■ PROBLEM DETAILS:
Copy exactly the lines from the start of the data below through the one that carries "La reina de", and only those.

**** EXTRACTED MATERIAL

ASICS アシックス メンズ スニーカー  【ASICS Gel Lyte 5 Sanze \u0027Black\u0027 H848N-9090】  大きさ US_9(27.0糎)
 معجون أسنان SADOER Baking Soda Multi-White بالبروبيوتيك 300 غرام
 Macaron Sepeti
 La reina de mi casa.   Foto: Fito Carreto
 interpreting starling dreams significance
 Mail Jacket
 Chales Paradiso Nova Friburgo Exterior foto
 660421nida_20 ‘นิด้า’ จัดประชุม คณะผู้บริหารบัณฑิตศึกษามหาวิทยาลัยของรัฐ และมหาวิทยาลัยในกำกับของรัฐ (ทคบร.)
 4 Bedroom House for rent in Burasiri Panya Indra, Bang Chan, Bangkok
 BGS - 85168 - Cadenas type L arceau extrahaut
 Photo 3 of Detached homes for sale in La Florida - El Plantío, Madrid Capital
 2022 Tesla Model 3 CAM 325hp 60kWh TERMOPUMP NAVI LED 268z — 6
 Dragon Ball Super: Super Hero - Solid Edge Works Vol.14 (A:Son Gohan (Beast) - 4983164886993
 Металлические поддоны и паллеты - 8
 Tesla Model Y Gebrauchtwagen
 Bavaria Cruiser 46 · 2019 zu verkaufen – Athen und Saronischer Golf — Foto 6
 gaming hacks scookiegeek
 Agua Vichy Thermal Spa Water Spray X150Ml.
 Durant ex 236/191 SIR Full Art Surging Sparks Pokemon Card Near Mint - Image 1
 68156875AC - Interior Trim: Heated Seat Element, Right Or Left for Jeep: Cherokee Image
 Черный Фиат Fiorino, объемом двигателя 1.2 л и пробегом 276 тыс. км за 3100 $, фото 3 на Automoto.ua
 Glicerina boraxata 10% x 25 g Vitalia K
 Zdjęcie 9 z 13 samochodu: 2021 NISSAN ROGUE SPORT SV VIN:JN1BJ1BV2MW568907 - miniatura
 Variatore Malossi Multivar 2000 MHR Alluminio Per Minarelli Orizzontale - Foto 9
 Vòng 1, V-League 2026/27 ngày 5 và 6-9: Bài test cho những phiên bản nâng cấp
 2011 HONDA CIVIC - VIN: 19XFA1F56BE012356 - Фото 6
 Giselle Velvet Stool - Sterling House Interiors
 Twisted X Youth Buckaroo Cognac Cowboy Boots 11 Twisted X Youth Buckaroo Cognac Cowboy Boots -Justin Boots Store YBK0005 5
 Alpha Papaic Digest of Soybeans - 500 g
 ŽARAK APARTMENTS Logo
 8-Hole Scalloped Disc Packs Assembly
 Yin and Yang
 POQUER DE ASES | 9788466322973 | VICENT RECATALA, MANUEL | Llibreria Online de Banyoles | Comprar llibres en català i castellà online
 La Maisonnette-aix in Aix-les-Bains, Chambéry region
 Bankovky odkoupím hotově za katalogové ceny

********

■ RESPONSE:
ASICS アシックス メンズ スニーカー  【ASICS Gel Lyte 5 Sanze \u0027Black\u0027 H848N-9090】  大きさ US_9(27.0糎)
 معجون أسنان SADOER Baking Soda Multi-White بالبروبيوتيك 300 غرام
 Macaron Sepeti
 La reina de mi casa.   Foto: Fito Carreto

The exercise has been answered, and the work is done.